# Walk Way Over The Hudson River RR Bridge



## Nicholas Savatgy (Dec 17, 2008)

Ok i thought id post some info about this great RR bridge for you guys that are interested and the Grand openning info for this weekend  www.walkway.org This is a great thing they did with this bridge, it burnt up in i beleive 1976 and hasnt been used since. At one time it was the longest RR bridge in the world to go over water, a mile and a quarter long.

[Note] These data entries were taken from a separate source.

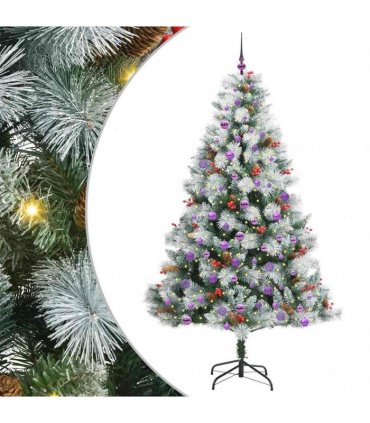 vidaXL Artificial Hinged Christmas Tree with Cones and Berries 210 cm
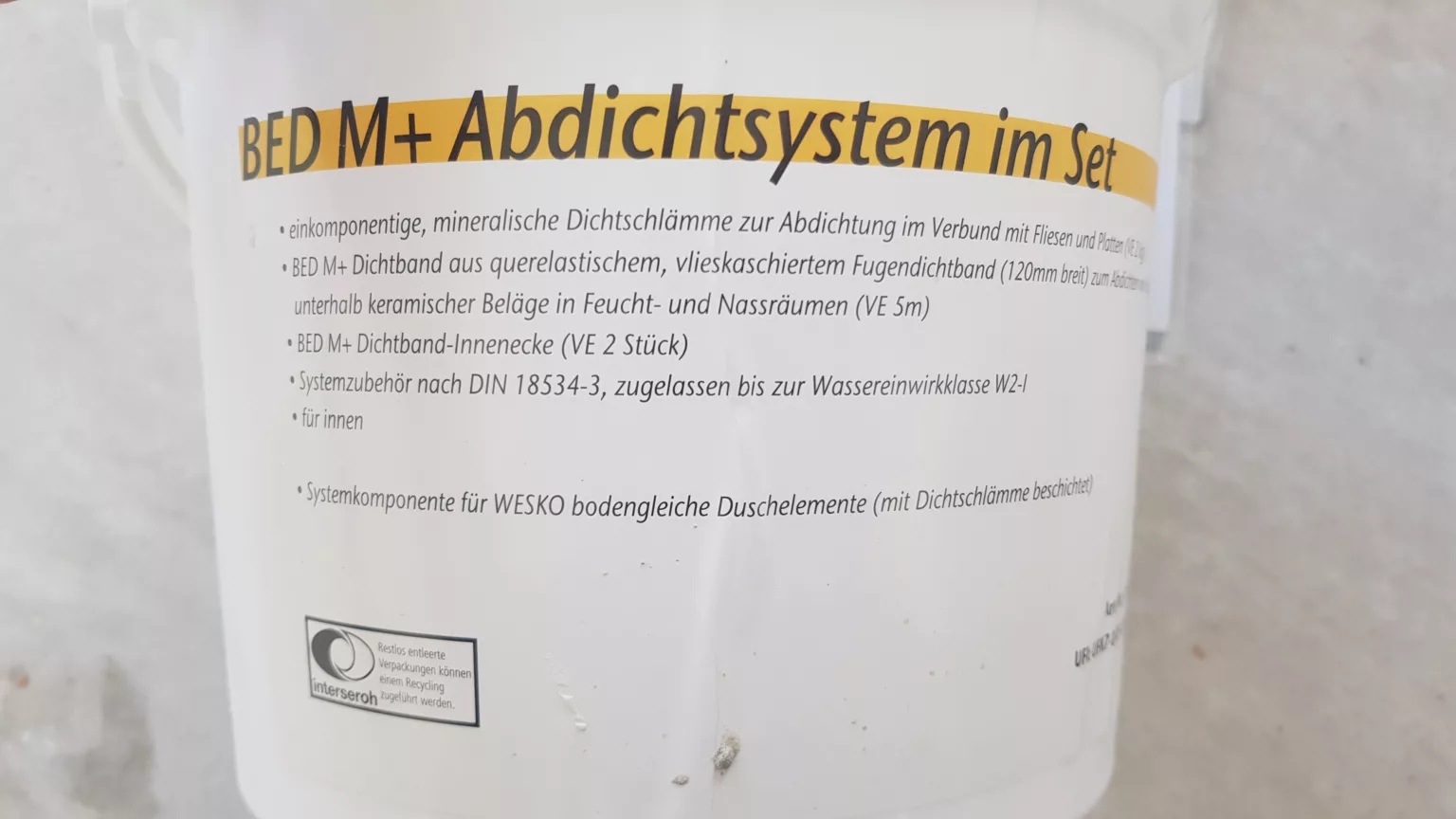 Wesko Abdichtset für Duschboards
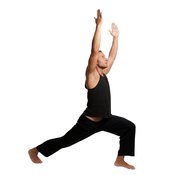 Warrior pose strengthens your thigh and butt muscles.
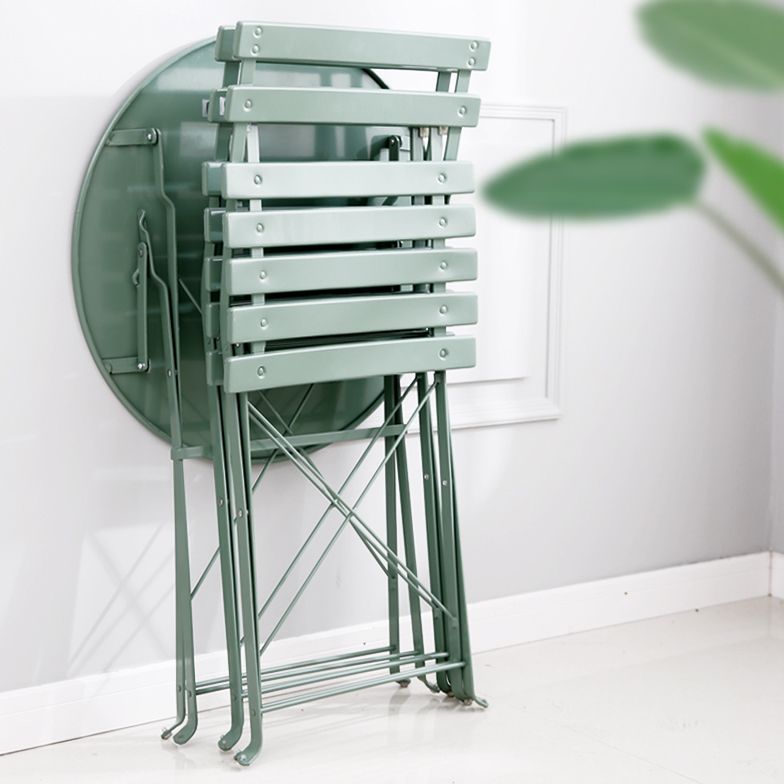 Boho Style Dining Set Metal Round 3 Pieces Patio Dining Table Set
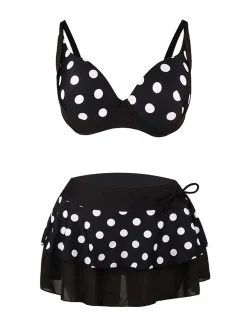 Clearance Retro Stage 1960s Polka Dot Bikini Set with Skirt Black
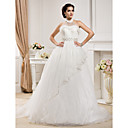 Ball Gown High Neck  Court Train Organza Wedding Dress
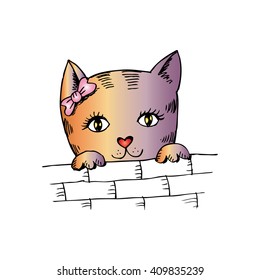 Cute cat peering on brick wall. Sketchy style.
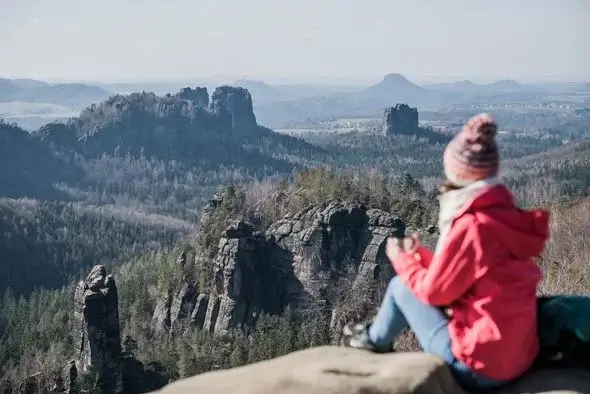 Ausblick Winterwanderung Schmilkaer Kessel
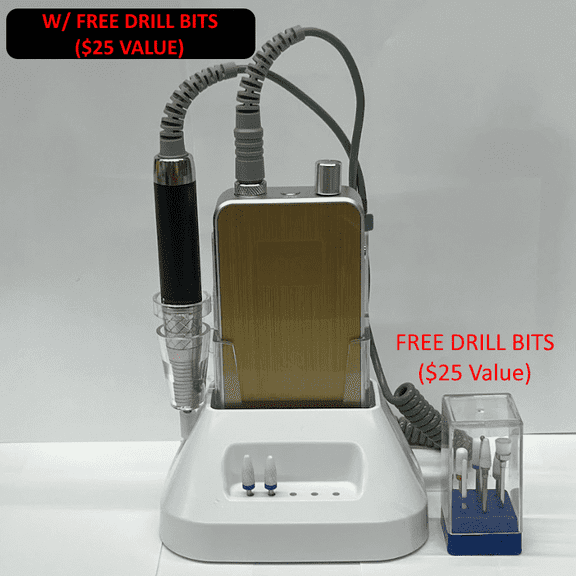35000RPM Professional Nail Drill Machine, Portable/Rechargeable W/ FREE DRILL BITS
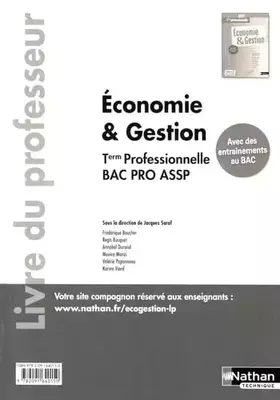 Couverture du produit · Economie & Gestion Tle Bac Pro ASSP: Livre du professeur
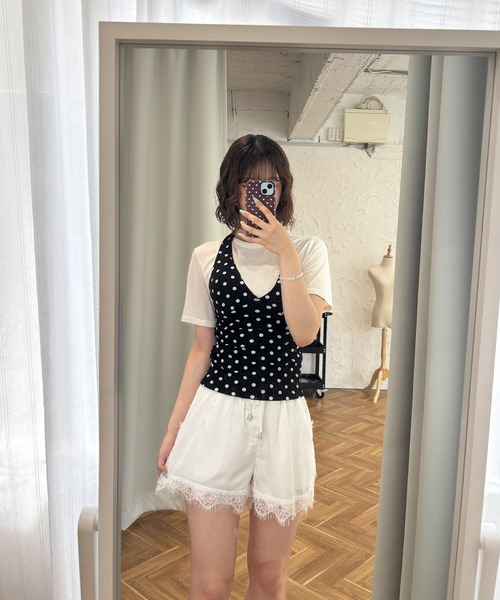 frunco(フランコ)の「ドットホルターネックトップス(Tシャツ/カットソー・レディース・ホワイト/ブラック・FREE)」の4枚目の写真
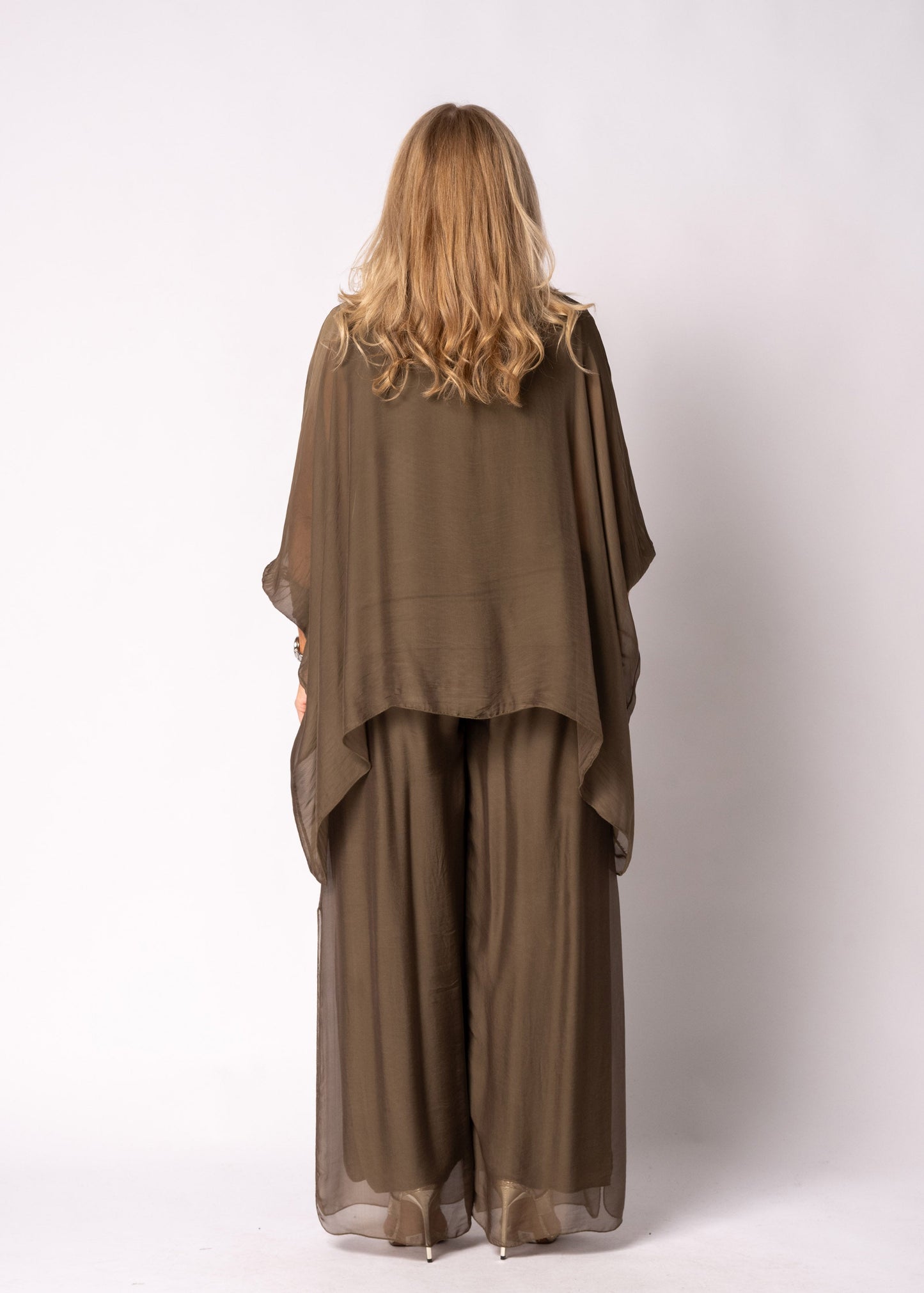 Gia Silk Pants in Moss Green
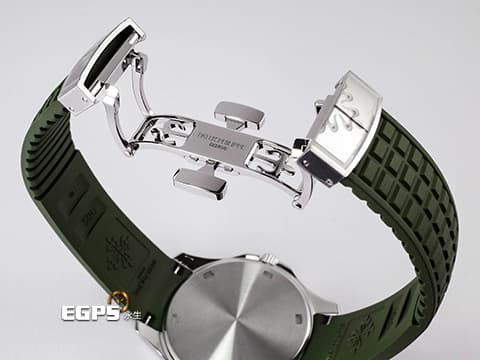 Patek Philippe 百達翡麗 PP錶 Aquanaut 5267 海底探險家 5267/200A-011 不鏽鋼材質 橡膠錶帶款 原廠鑲嵌鑽石錶圈(48顆鑽石:約1.11克拉) 2026年保單 卡其綠面盤、橡膠錶帶 石英機芯 38.8mm
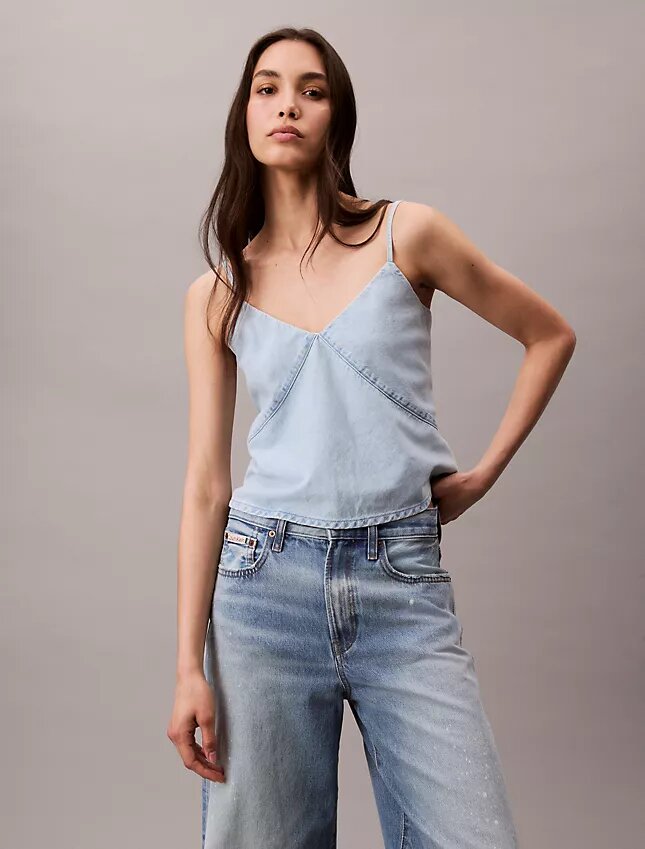 Camiseta sin mangas de Denim de mezcla de algodón y lino Camiseta sin mangas de Denim de mezcla de algodón y lino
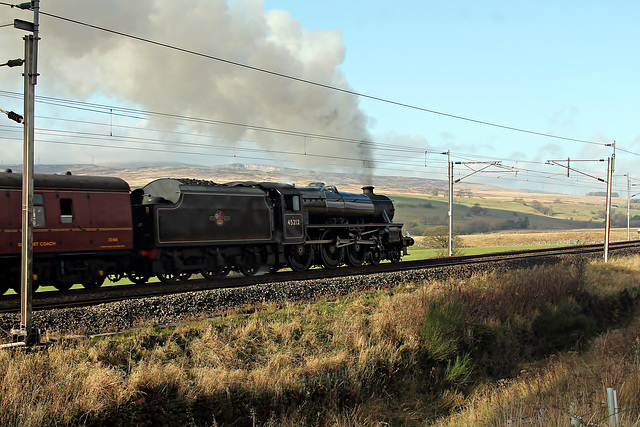 Stanier LMS class 5 45212 climbing Shap at Scout Green with 1Z59 06.15 Nottingham - Carlisle Northern Belle 26th October 2024.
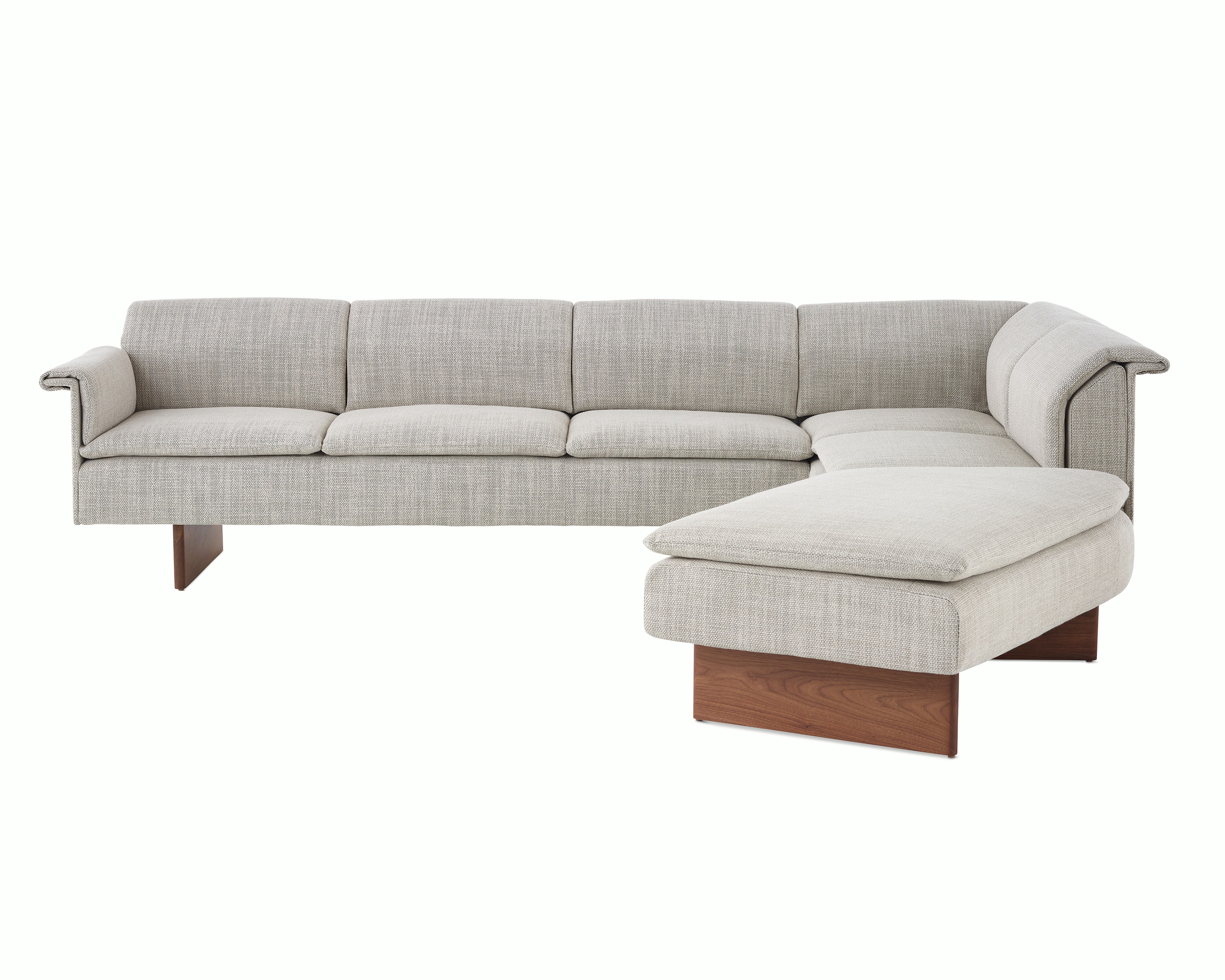 Mantle L-Shaped Sofa in Capri Stone with Walnut Wood Base.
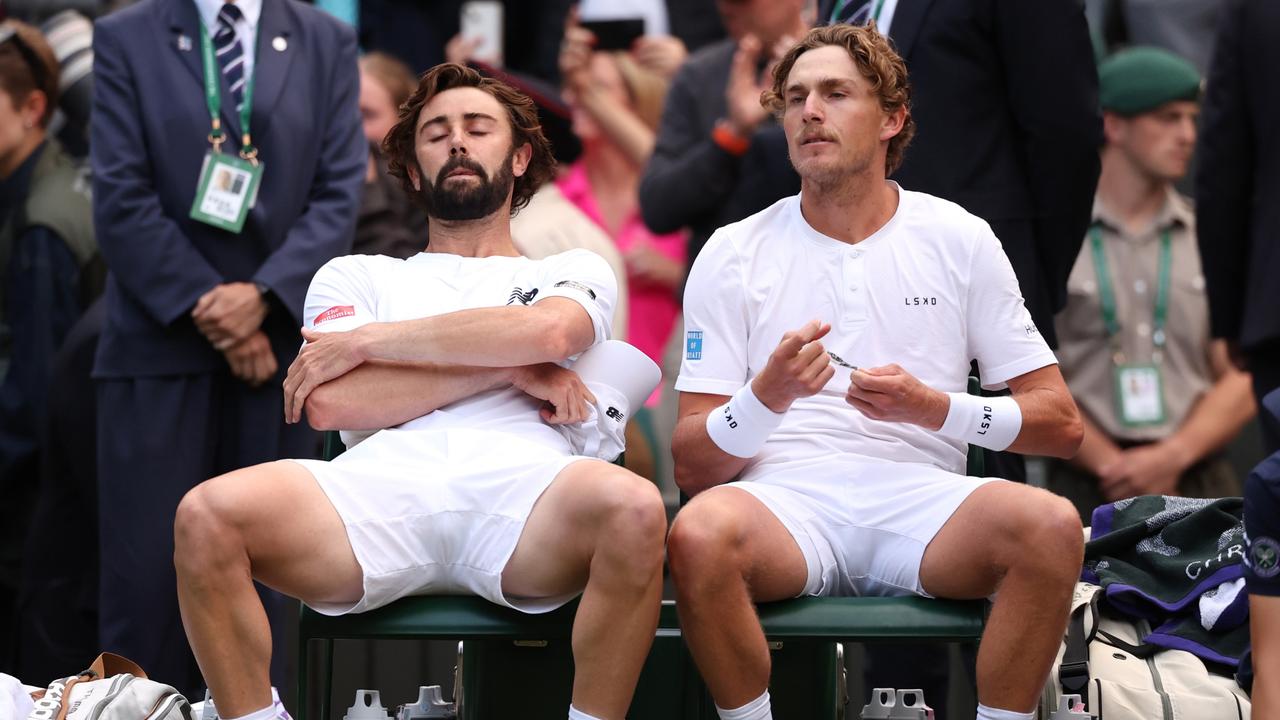 Jordan Thompson and Max Purcell of Australia. Photo by Julian Finney/Getty Images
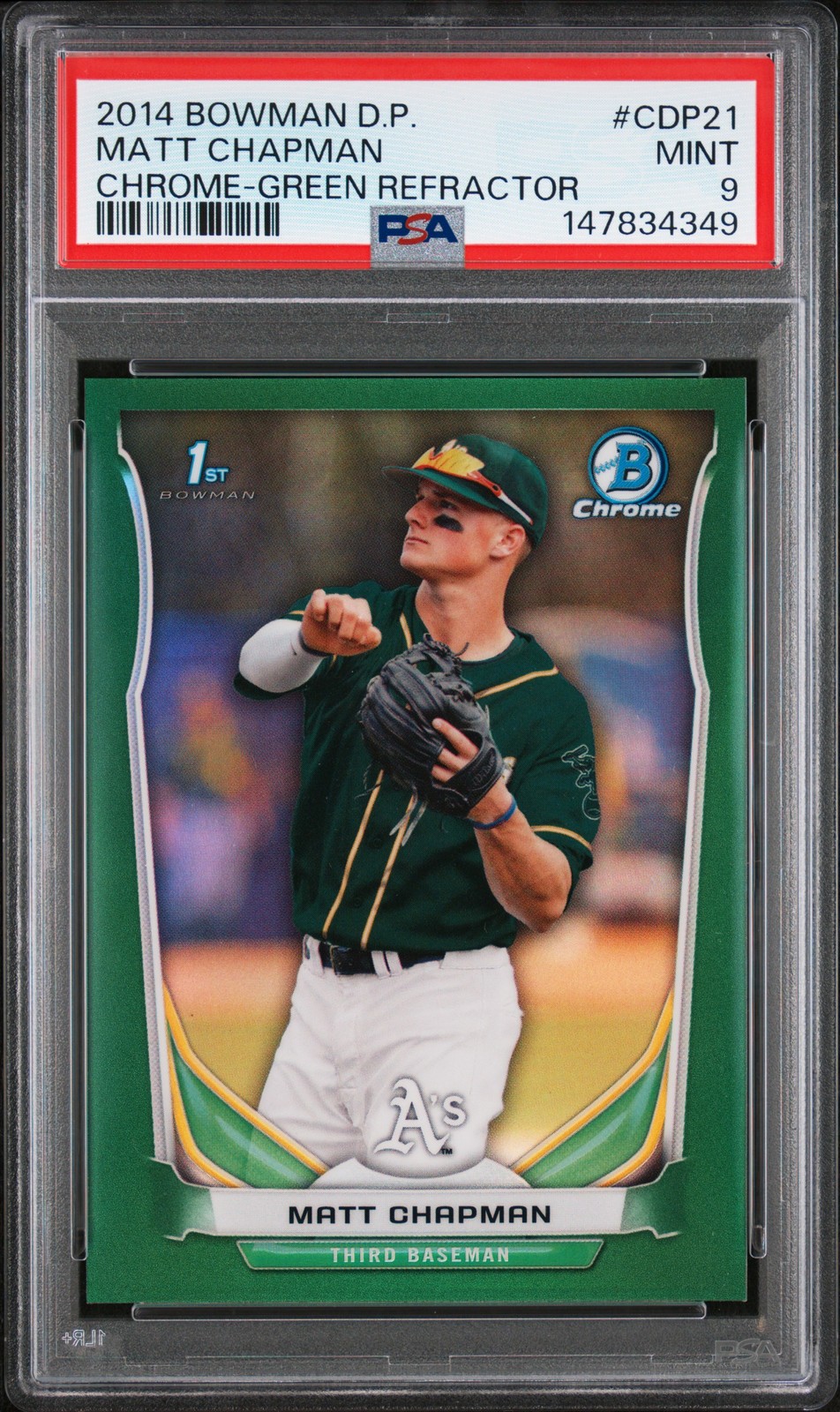 2014 BOWMAN DRAFT CHROME-GREEN REFRACTOR #CDP21 MATT CHAPMAN 69/150 PSA 9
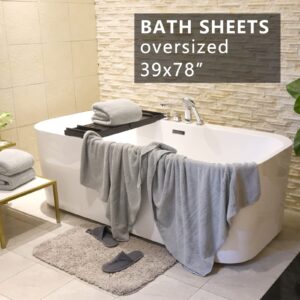 YTYC Towels,39x78 Inch Oversized Bath Sheets Towels for Adults Luxury Bath Towels Extra Large Sets for Bathroom Super Soft Highly Absorbent Microfiber Shower Towels 80% Polyester (Grey,2 Piece)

Now they decked it with concrete and are going to use it as part of the rail trail system going from one side of the river to the other.
 We had a chance to walk it today before the grand opening and all i can tell you is it was an impressive walk,very high, very long and with great veiws of the hudson valley in upstate NY. If you get a chance come out and walk or bike this bridge, its imppressive, We will be set up on the other side with a display. also check the link and click on History some very cool facts..
Nick


----------



## Nicholas Savatgy (Dec 17, 2008)

Last nights shot of the Bridge


----------



## John J (Dec 29, 2007)

So Now it's a pedestrain bridge?


----------



## Nicholas Savatgy (Dec 17, 2008)

Posted By John J on 04 Oct 2009 07:38 AM 
So Now it's a pedestrain bridge? 


Yup click on blue link i posted..


----------